* Task to carry out: Stop after the line containing "Embroidered Slub cotton Solid Wine Palazzo": print each line exactly from the first line of the listing up to that point.

..............................

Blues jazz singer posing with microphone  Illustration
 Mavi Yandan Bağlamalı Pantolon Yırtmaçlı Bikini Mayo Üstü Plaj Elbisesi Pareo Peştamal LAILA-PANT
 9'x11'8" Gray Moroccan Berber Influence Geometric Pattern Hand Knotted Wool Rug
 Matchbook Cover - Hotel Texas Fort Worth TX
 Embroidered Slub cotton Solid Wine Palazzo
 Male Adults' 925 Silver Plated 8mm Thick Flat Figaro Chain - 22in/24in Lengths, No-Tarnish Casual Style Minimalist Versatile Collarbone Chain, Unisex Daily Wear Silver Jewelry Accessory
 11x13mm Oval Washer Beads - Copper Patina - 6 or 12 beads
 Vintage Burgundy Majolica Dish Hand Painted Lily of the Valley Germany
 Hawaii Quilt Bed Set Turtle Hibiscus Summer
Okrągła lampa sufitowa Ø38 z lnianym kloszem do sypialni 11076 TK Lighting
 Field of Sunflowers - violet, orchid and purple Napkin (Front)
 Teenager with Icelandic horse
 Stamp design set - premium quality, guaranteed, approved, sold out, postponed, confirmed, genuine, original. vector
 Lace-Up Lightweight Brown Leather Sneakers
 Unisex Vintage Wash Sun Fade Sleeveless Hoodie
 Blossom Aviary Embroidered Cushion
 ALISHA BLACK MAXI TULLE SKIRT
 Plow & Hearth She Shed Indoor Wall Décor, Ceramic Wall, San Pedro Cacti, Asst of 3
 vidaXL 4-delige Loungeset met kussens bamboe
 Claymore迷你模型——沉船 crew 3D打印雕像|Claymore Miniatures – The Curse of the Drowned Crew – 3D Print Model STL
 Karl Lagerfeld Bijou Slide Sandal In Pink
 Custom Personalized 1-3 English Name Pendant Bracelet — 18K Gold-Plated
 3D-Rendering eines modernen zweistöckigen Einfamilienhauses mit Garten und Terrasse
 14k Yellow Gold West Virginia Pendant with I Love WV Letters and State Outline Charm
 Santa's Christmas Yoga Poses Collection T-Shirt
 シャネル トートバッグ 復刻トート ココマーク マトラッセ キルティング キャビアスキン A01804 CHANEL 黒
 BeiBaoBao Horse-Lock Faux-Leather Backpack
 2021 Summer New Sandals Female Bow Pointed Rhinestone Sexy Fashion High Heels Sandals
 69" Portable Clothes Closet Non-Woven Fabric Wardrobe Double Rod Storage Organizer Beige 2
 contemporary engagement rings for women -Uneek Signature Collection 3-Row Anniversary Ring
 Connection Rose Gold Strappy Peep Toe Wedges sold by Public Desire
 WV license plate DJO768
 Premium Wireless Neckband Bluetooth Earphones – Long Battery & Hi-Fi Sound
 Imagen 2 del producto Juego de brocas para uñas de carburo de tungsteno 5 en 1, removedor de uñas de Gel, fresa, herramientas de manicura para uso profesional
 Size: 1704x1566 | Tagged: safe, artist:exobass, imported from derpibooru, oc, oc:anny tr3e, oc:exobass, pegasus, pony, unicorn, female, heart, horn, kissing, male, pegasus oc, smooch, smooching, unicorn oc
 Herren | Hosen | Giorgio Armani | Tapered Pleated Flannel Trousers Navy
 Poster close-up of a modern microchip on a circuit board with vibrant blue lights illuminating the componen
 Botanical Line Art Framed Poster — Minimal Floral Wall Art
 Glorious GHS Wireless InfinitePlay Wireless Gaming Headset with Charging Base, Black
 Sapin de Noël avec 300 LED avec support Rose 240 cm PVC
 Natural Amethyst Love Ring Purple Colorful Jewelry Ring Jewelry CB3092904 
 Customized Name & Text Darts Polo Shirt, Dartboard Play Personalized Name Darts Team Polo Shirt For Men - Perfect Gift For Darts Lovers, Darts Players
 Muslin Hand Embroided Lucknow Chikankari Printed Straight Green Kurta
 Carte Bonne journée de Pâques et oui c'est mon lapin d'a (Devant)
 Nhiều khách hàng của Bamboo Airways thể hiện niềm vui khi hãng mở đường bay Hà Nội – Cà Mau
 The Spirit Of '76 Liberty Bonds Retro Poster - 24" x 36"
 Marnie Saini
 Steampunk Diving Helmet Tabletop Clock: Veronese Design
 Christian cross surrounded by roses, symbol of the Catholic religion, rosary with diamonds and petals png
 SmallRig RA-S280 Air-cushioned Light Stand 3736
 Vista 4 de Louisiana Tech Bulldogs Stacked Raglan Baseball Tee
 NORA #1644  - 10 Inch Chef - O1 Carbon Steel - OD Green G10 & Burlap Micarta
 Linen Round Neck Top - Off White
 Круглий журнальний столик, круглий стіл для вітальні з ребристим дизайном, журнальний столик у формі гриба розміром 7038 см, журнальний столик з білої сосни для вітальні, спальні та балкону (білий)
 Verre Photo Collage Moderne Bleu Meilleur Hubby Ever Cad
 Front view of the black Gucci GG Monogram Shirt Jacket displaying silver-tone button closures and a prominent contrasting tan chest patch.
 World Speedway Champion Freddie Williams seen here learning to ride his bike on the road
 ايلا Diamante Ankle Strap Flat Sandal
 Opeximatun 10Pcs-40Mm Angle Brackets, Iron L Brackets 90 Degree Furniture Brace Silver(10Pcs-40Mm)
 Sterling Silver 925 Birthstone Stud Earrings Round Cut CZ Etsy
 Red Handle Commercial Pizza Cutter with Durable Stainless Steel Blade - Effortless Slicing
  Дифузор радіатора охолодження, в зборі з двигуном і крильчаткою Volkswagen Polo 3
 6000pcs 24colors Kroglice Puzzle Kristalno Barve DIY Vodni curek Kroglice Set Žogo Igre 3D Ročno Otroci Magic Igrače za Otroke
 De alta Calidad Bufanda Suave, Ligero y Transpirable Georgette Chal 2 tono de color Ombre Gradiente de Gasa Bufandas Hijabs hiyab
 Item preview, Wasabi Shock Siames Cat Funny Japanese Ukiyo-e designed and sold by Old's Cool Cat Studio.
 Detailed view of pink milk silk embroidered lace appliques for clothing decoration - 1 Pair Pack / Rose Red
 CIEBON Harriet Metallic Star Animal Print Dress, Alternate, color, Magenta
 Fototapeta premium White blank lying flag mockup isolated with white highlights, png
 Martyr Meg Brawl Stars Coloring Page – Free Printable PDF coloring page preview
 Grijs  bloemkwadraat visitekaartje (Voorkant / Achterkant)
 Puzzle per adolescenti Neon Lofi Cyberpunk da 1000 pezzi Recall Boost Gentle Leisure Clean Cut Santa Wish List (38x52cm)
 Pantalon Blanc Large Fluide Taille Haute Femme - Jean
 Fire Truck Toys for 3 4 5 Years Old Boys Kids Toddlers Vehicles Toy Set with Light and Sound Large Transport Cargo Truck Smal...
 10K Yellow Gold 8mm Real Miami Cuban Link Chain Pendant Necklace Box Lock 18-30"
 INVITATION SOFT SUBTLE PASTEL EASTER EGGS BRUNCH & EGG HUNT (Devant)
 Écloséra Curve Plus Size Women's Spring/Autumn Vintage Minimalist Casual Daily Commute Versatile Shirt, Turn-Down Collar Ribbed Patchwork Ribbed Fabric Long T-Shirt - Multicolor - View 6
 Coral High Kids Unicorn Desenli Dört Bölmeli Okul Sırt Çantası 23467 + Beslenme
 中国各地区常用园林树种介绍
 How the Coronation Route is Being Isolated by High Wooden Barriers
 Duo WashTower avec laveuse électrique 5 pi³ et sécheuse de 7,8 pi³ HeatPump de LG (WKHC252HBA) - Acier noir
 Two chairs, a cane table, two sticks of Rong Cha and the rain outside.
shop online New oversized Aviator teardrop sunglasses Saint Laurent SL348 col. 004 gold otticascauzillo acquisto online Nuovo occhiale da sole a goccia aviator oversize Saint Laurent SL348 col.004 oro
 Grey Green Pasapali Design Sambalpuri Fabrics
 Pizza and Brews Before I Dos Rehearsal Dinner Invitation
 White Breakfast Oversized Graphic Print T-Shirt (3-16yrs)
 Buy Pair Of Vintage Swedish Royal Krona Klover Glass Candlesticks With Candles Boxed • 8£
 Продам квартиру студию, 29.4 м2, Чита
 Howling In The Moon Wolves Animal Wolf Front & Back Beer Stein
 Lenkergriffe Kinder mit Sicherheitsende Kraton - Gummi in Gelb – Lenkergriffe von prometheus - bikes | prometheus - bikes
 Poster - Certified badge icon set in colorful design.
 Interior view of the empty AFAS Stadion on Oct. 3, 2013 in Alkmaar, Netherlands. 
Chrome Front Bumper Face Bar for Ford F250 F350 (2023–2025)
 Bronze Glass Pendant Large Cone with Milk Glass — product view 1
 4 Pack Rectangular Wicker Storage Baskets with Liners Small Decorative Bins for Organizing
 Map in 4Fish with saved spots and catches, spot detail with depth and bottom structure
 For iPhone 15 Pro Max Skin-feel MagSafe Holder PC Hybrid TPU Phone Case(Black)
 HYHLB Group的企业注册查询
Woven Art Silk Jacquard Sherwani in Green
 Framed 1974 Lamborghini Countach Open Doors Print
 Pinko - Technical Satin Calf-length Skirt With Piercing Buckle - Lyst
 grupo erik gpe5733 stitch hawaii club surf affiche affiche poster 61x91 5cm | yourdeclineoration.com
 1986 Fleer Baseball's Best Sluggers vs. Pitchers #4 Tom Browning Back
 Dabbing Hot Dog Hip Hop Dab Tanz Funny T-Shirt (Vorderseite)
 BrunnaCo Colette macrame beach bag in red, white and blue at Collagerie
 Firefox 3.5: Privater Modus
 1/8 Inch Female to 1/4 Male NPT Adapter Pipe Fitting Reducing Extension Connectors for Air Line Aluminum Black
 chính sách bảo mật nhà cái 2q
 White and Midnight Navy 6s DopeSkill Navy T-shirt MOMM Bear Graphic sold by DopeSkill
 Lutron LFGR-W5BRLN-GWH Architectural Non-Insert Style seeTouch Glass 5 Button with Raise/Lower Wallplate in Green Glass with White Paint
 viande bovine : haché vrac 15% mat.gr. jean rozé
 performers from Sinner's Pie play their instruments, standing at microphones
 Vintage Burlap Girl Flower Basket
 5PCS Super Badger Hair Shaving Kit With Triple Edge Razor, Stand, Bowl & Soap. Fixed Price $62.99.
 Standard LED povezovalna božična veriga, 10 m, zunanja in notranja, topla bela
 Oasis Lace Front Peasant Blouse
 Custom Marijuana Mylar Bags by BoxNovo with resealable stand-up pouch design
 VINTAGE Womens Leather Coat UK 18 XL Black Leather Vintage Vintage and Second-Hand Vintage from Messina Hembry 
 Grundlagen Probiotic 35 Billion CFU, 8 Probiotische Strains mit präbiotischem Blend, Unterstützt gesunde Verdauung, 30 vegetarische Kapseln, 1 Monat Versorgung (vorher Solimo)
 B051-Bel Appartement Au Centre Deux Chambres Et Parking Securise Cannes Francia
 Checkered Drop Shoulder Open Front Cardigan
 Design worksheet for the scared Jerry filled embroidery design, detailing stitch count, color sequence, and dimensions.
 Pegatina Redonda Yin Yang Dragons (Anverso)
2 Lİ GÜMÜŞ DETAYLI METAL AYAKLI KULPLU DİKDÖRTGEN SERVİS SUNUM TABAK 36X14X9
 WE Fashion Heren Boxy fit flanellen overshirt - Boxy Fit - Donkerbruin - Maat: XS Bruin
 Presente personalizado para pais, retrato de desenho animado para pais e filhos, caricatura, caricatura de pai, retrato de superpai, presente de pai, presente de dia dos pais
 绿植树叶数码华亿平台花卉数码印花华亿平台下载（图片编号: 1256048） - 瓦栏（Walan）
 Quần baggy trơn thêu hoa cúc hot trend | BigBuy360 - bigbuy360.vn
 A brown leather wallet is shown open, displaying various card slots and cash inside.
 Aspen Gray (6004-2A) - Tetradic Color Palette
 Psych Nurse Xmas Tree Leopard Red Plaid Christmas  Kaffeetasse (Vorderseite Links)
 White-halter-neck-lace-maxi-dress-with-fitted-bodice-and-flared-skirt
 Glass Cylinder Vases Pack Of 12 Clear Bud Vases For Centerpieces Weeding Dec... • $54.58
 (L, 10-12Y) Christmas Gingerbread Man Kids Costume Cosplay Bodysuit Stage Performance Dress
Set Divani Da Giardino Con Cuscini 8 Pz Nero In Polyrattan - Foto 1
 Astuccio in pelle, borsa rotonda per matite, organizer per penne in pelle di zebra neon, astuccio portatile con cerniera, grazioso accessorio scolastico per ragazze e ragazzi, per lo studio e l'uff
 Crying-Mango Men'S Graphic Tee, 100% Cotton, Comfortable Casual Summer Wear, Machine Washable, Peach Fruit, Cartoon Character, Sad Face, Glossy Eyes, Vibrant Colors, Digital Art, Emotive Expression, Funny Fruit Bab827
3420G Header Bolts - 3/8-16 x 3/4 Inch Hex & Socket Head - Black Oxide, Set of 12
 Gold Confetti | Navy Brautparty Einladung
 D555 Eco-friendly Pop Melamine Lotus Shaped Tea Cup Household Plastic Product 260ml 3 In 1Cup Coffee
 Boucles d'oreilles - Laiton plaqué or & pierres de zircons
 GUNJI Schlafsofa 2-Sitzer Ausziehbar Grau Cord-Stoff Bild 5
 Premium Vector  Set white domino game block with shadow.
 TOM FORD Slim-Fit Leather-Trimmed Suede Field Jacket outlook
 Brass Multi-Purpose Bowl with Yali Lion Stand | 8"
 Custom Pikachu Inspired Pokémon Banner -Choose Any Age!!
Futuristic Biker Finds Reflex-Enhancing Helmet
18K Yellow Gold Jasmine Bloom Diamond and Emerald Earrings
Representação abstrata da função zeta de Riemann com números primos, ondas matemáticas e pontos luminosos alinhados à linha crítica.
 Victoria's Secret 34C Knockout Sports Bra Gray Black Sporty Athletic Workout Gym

..............................

* Written solution:
Blues jazz singer posing with microphone  Illustration
 Mavi Yandan Bağlamalı Pantolon Yırtmaçlı Bikini Mayo Üstü Plaj Elbisesi Pareo Peştamal LAILA-PANT
 9'x11'8" Gray Moroccan Berber Influence Geometric Pattern Hand Knotted Wool Rug
 Matchbook Cover - Hotel Texas Fort Worth TX
 Embroidered Slub cotton Solid Wine Palazzo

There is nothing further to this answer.